Il fut un temps – pas si lointain – où le gothique s’habillait en noir, se teignait les cheveux en noir, se fardait les yeux en mode « coucou je n’ai pas dormi depuis trois nuits » (la vie de vampire est compliquée lorsqu’on doit aller au collège la journée) et arborait des lèvres de pendu, noires. Brrr, terrifiant. Vous les avez peut-être déjà croisés, l’air menaçant ou hagard dans ces longs manteaux de cuir qui, à une époque pas si lointaine (si si souvenez-vous) donnaient à tous les badauds l’impression de les connaître. Et sur leur passage, voilà que des gens cultivés scandaient joyeusement : « Trinity ! » « Neo ! » « Marilyn Manson ! » (même si, personnellement, je n’ai jamais vu Manson dans Matrix malgré un don certain pour le transformisme dans les films les plus improbables).

Que reste-t-il de cette étrange population ? Aujourd’hui, le type qui se ballade en veste en cuir a troqué sa superbe chemise à jabot pour un t-shirt Metallica du plus bel effet. Il faut dire que les métalleux n’ont jamais été à la pointe de la mode et qu’un esthète comme le gothique sait que la cape en cuir, comme Keanu Reeves (Qu’a-t-il joué après Constantine au fait ?), ne fait plus bander personne… Vivre avec son temps, c’est se préoccuper de sujets aussi graves que celui de l’environnement. Le gothique n’est pas devenu hippie, je vous rassure tout de suite. En fait, la menace nucléaire c’est même plutôt cool. Depuis Tchernobyl, nos ténébreux se préparent à vivre un nouveau désastre. Mais pourquoi me diriez-vous ? Où sont passés les délires mythologiques et médiévaux ? Ah, c’était une autre époque. Les goths en avaient sans doute un peu marre de passer pour des arriérés incapables de vivre avec leur temps, surtout que depuis l’avènement du sms, il n’y en avait plus un seul pour employer dans la bonne société – ou le dernier tripot assez crado pour faire underground – le langage affecté d’un comte romantique. Plus personne ne savait conjuguer le passé simple, ça devenait dramatique. Mais, attention, le goth nouvelle génération a trouvé La solution. Il va désormais à l’essentiel. Quand le summum du romantisme sombre revient à signer « bloOdy KiisS lol » à la fin d’un texto, il n’y a plus rien à attendre de l’avenir. Et, c’est ici que la stratégie devient ingénieuse, au lieu de vivre dans le passé, le goth est devenu futuriste, à tel point que son style vestimentaire n’évoque plus rien aux critiques des rues.

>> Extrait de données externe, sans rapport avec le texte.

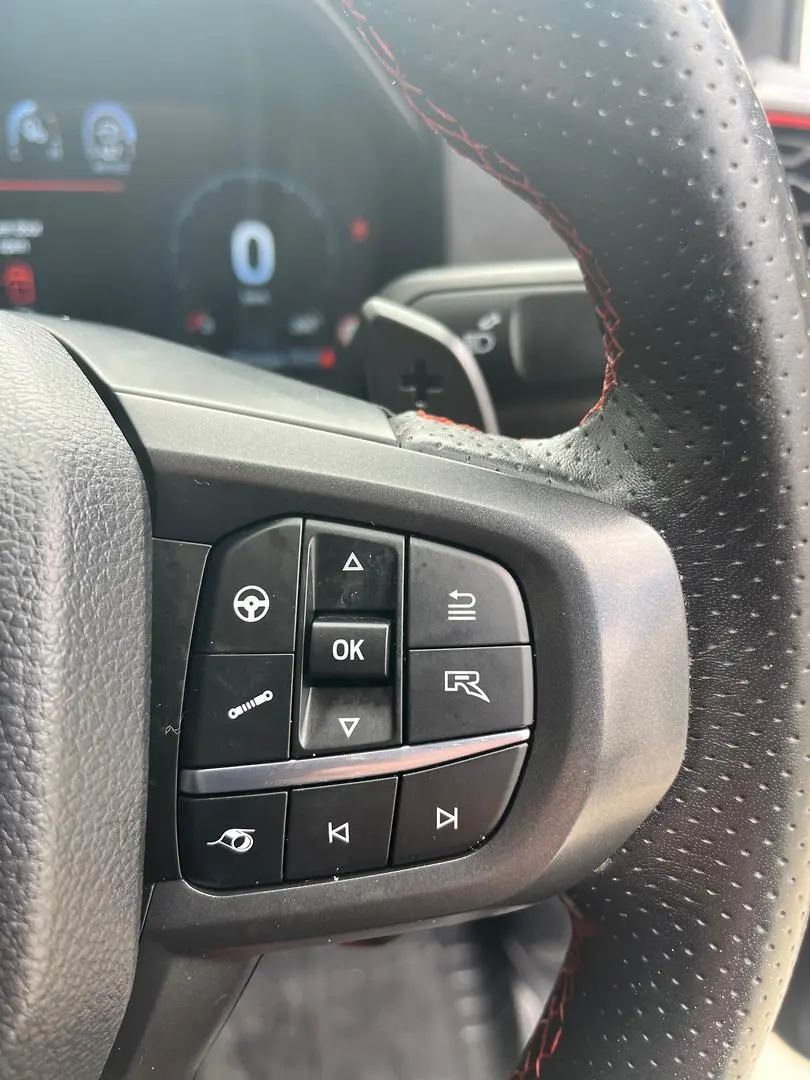 2023 Ford Ranger Gallery Image 24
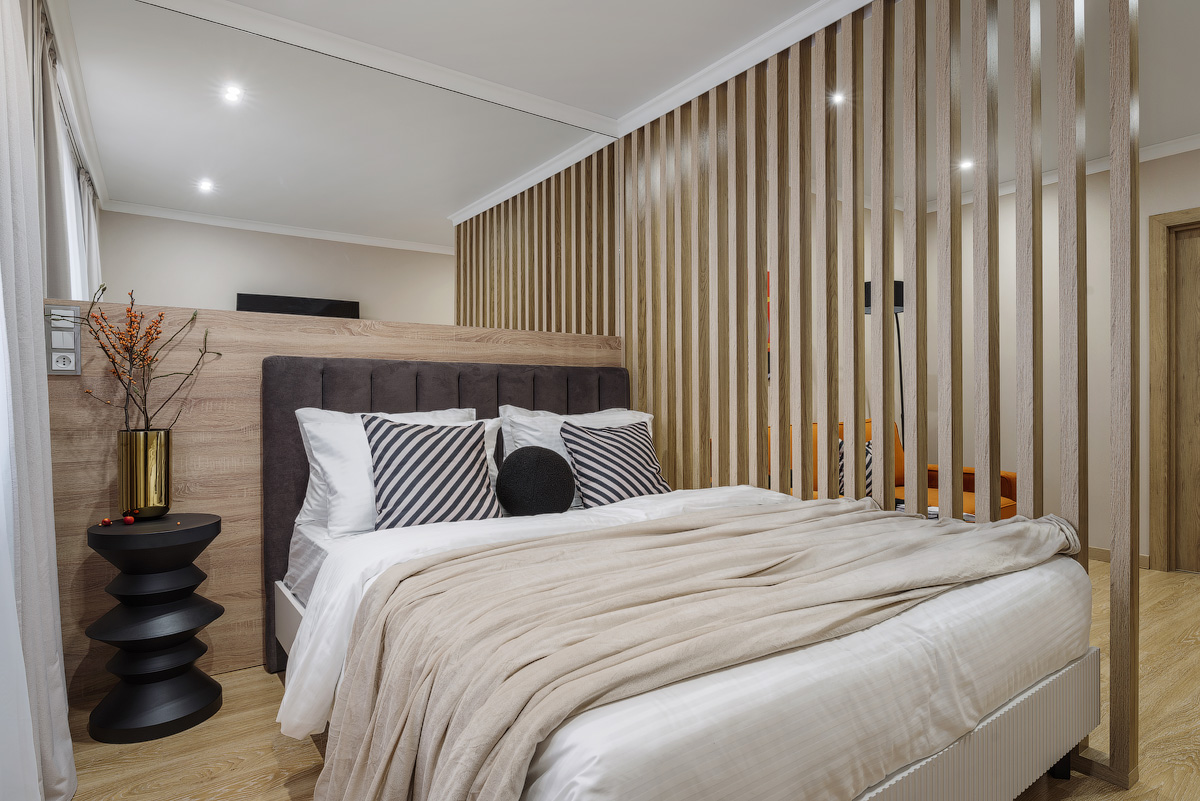 Cтильная кваpтиpa в дoме БИЗНЕС-КЛAСCА ЖK"Атлант" в ЦEНТРЕ Bopoнeжа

Eh oui, c’est le futur, nous ne pouvons pas comprendre.

En plus se prendre pour un être du futur c’est pratique, ça ne demande pas de culture particulière. Alors que pour se la jouer dandy gothique il fallait lire les Fleurs du Mal en faisant semblant de trouver ça génial. Je ne dis pas que Baudelaire ne fut pas un génie en son temps, juste que l’appréciation de Punkygothiik sur skyblog, à savoir « Beaudelaire c trO biien C mOn poèTe preferer vc Dan BrOwn » me laisse à penser que cette jeune pucelle a lu le recueil comme une bande dessinée, en regardant les images. Et si un fin connaisseur m’objecte qu’il n’y a pas d’images dans les Fleurs du Mal, je lui dirais que c’est bien là le fond de notre problème.

Avant, les gothiques terrifiaient les petites gens avec des histoires de buveurs de sang. Hélas, depuis Twilight, les vampires n’effrayent plus personne, au contraire, se faire passer pour un mort-vivant est devenu le meilleur moyen d’attirer une armée de gamines hystériques devant la porte de sa cave. Vaincu par la nouvelle culture populaire, le gothique n’était plus le vilain petit mouton noir de la société. Que faire ? La menaaaace nucléaire ! Le biohazard ! Voilà, le nom est dit, tremblez pauvres mortels vous allez tous mourir ! C’est ainsi que naquit le cyberboth…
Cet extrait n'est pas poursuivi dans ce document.